By Zeus Kerravala

In tech, we always like to hype the latest and greatest technologies and promise they are “game-changing.”  One technology that’s reached a massive level of hype is 5G, and that makes sense because it promises to bring wired-like speed to wireless networks. Thinking back, however, 4G and even 3G were both positioned as the “next big thing.” This raises the question: Is 5G really all it’s being positioned as, or will it disappoint as the previous version of cellular did?

Admittedly, I was a skeptic of enterprise 5G for quite some time. But as I dug into the technology and compared it to current iterations of WiFi, my opinion has changed, and I do believe 5G has tremendous potential in businesses. It won’t replace all WiFi, but it will complement it and allow companies to expand the use of wireless.

To get a better understanding of what’s ahead for 5G, I recently interviewed Ozer Dondurmacioglu, VP of Marketing for Celona Networks, a startup dedicated to enterprise 5G. Celona’s solution delivers 5G with the operational simplicity of WiFi. Highlights of my ZKast video with Dondurmacioglu, done in conjunction with eWEEK eSPEAKS are below:

  • Celona Networks leverages the CBRS spectrum for its enterprise 5G solution.
  • CBRS gives enterprise IT and OT teams access to cellular wireless for free without having to go through a service provider.
  • The Celona solution deploys very much like WiFi where 5G access points are connected to the network and managed with a centralized controller.
  • Network engineers that can work with WiFi access points and Ethernet switches will find Celona’s solution easy to deploy without much training.
  • WiFi 6 is on the horizon and is also promising a much better wireless experience but because WiFi runs on shared spectrum, it’s subject to interference and quality issues.
  • CBRS based 5G has advantages over WiFi in three areas:
    • Dedicated spectrum and will always be interference-free.
    • Low latency network so as more devices are added, CBRS won’t get congested.
    • Ability to guarantee a specific error rate, latency and throughput metrics.  This is in addition to the type of QoS that’s available for WiFi.  This enables companies to dedicate bandwidth for video cameras, medical devices or other endpoints.  This “express lane” gives companies more options for wireless.
  • 5G won’t replace WiFi because WiFi is nearly ubiquitous and the endpoints are relatively inexpensive compared to 5G-enabled devices.
  • Businesses should plan to use WiFi for general connectivity and then augment the network with 5G.  The latter can be used to connect mission-critical systems that businesses would not put on WiFi for performance and availability reasons.
  • As businesses return to work, mission-critical IoT endpoints will be deployed to keep the workplace safe. Examples are cameras, environmental sensors, cleaning robots and more.
  • Celona’s CBRS 5G solution is equivalent to WiFi in terms of cost per square foot of coverage.  Businesses can redirect some WiFi budget to 5G and run a hybrid network that performs better than WiFi alone.
  • The end-to-end nature of Celona’s solution helps pave a path to a fully intent-based network where configuration tasks are automated.

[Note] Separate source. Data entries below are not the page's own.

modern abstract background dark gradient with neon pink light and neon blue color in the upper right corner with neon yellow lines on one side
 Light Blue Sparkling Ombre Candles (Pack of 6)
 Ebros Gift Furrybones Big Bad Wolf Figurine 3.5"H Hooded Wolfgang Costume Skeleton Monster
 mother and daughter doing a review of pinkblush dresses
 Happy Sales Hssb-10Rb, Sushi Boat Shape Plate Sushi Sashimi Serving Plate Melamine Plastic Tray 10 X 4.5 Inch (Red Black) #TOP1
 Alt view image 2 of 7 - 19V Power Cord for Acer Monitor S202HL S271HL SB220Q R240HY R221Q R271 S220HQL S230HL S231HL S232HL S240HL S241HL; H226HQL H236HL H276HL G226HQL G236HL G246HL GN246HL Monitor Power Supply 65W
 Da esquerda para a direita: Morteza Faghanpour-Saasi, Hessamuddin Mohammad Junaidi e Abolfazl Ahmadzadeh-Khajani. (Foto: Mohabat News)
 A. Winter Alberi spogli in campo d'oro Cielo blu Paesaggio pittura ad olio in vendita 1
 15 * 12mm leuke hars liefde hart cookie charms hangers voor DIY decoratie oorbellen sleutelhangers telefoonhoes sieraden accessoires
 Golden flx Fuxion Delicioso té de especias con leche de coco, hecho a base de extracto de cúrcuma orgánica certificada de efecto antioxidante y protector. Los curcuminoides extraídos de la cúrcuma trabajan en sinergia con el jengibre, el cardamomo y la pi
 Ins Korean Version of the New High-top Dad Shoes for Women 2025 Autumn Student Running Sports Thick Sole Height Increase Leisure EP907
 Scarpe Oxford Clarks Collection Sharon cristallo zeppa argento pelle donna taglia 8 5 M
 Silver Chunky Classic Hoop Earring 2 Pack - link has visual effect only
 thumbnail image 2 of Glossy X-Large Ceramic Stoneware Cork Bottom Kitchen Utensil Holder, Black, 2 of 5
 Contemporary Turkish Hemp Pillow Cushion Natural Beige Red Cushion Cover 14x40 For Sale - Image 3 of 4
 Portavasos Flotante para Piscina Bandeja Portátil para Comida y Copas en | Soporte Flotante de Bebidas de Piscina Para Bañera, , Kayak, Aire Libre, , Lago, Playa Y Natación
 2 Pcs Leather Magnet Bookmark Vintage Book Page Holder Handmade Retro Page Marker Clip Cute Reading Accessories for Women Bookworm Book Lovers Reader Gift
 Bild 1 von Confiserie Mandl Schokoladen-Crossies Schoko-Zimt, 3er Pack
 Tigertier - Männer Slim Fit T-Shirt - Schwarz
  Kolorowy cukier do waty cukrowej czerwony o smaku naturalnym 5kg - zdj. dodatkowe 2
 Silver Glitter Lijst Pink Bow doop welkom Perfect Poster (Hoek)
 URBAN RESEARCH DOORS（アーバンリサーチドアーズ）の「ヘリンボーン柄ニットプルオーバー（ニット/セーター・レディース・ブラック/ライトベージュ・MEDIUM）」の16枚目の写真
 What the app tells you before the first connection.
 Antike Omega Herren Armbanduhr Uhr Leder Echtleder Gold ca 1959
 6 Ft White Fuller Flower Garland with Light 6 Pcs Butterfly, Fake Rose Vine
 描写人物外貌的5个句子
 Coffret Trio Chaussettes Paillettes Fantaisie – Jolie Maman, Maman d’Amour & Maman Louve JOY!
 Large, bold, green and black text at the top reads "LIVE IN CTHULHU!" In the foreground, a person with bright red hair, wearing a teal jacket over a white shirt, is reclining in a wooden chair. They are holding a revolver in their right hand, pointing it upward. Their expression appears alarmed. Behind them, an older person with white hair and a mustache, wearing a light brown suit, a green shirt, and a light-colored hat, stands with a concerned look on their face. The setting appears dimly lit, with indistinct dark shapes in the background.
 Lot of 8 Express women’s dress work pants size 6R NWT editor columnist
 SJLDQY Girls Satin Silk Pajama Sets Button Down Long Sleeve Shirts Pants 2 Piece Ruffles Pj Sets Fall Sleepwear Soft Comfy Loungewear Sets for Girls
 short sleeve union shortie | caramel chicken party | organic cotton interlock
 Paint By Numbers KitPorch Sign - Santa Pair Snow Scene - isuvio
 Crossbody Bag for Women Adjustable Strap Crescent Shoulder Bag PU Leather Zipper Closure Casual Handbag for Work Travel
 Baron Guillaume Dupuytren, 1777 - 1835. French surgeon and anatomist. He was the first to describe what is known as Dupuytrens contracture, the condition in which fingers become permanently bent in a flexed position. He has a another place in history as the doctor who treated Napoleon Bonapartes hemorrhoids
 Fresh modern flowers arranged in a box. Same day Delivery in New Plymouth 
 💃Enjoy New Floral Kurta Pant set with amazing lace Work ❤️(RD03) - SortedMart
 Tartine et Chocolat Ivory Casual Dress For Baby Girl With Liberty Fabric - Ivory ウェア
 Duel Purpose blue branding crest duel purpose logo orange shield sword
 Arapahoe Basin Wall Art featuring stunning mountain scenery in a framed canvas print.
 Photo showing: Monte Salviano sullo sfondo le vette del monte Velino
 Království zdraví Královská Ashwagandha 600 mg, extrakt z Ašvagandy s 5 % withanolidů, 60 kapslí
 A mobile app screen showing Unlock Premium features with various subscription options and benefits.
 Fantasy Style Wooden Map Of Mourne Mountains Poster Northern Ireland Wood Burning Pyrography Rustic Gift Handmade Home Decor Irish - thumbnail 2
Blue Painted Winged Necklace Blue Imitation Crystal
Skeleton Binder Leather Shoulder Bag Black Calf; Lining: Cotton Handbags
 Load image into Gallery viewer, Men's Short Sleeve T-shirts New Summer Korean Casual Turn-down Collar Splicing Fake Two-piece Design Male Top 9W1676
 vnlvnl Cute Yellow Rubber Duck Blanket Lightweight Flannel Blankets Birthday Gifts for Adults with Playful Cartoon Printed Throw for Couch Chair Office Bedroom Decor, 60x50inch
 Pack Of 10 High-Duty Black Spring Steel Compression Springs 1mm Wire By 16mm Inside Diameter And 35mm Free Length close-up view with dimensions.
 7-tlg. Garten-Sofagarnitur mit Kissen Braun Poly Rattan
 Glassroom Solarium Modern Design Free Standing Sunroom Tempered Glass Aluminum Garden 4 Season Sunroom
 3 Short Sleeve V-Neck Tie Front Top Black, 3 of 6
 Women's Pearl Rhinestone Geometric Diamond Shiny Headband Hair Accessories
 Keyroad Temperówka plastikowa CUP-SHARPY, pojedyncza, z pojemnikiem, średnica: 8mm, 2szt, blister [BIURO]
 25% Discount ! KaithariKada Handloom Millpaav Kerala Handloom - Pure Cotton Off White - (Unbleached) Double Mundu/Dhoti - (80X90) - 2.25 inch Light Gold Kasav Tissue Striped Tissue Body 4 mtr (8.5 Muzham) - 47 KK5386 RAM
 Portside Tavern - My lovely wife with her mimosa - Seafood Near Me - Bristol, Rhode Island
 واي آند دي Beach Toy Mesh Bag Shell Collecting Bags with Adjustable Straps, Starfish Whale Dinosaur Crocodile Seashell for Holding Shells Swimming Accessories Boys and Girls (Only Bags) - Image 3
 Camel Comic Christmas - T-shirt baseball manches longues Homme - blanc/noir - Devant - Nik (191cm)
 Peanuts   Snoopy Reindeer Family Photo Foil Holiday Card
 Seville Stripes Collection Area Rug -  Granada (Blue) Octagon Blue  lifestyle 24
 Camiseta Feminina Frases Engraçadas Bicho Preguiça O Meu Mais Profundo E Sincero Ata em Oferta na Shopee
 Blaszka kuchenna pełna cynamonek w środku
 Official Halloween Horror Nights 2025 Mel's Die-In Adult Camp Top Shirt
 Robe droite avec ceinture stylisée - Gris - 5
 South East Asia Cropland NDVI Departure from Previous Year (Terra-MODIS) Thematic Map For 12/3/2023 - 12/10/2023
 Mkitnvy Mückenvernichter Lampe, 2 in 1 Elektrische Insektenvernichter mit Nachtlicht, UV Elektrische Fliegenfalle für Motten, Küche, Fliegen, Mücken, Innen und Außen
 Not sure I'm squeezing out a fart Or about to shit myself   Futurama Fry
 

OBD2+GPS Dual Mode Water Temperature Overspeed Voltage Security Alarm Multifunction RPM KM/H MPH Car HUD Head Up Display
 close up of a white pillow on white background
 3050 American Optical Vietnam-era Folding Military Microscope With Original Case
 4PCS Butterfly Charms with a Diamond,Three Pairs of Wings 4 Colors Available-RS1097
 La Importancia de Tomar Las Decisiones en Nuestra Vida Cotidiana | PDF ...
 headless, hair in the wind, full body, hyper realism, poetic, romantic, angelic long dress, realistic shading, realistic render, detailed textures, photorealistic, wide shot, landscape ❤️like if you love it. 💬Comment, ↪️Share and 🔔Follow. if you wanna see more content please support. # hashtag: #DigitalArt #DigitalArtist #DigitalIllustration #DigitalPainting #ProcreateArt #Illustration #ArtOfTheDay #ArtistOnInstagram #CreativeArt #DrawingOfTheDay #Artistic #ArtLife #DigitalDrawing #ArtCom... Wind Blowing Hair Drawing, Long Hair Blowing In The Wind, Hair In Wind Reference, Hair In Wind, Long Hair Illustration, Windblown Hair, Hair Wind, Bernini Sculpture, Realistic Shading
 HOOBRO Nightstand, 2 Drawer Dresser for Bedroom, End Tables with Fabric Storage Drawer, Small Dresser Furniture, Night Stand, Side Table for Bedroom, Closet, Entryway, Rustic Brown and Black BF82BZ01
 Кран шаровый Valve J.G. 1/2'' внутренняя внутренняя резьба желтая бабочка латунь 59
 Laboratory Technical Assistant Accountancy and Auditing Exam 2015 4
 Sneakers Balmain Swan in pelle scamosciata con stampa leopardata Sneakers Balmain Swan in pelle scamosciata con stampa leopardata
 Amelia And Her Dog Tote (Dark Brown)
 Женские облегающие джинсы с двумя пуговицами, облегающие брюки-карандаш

5G is coming to the enterprise and it’s coming fast. IT and network professionals should consider 5G for any mission-critical systems their company plans to move to wireless. The technology leverages the predictability and stability of cellular and combines it with the simplicity of WiFi creating a “best of both worlds” scenario. Businesses should expect more from wireless, but that requires a different kind of technology.